Task instructions =>
The copy you print must match the listing exactly, with its pictures removed.

=== The data ===

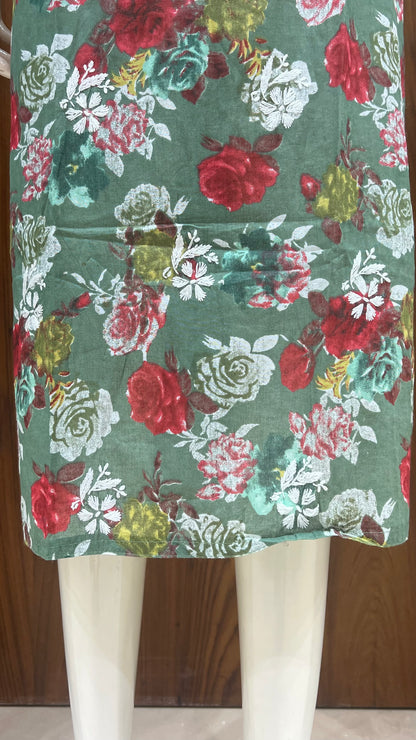 Olive Green Floral Print Kurta with White Embroidered Yoke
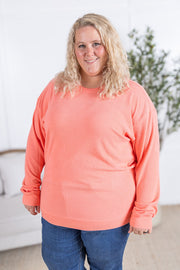WAREHOUSE Corrine Ribbed Pullover Top - Coral
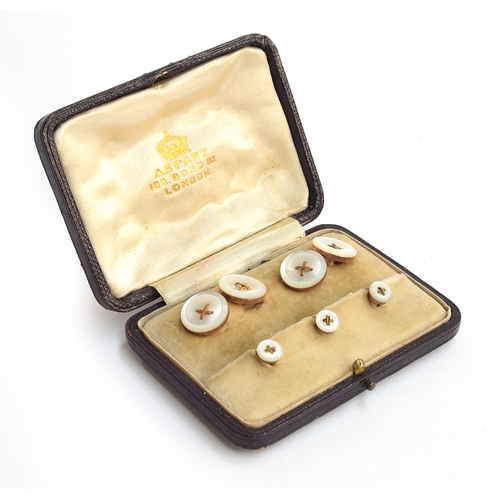 61 - A cased set of Asprey 9ct gold and mother of pearl button style cufflinks and studs, gross weight 8.... 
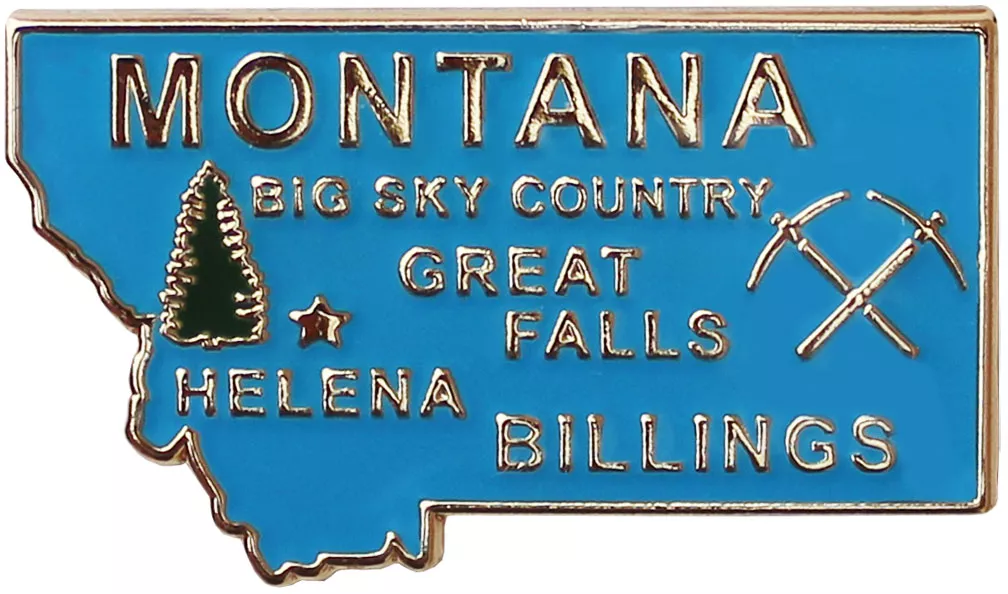 Montana State Map Metal Lapel Pin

===

Task solution =>
 Olive Green Floral Print Kurta with White Embroidered Yoke
WAREHOUSE Corrine Ribbed Pullover Top - Coral
 61 - A cased set of Asprey 9ct gold and mother of pearl button style cufflinks and studs, gross weight 8.... 
 Montana State Map Metal Lapel Pin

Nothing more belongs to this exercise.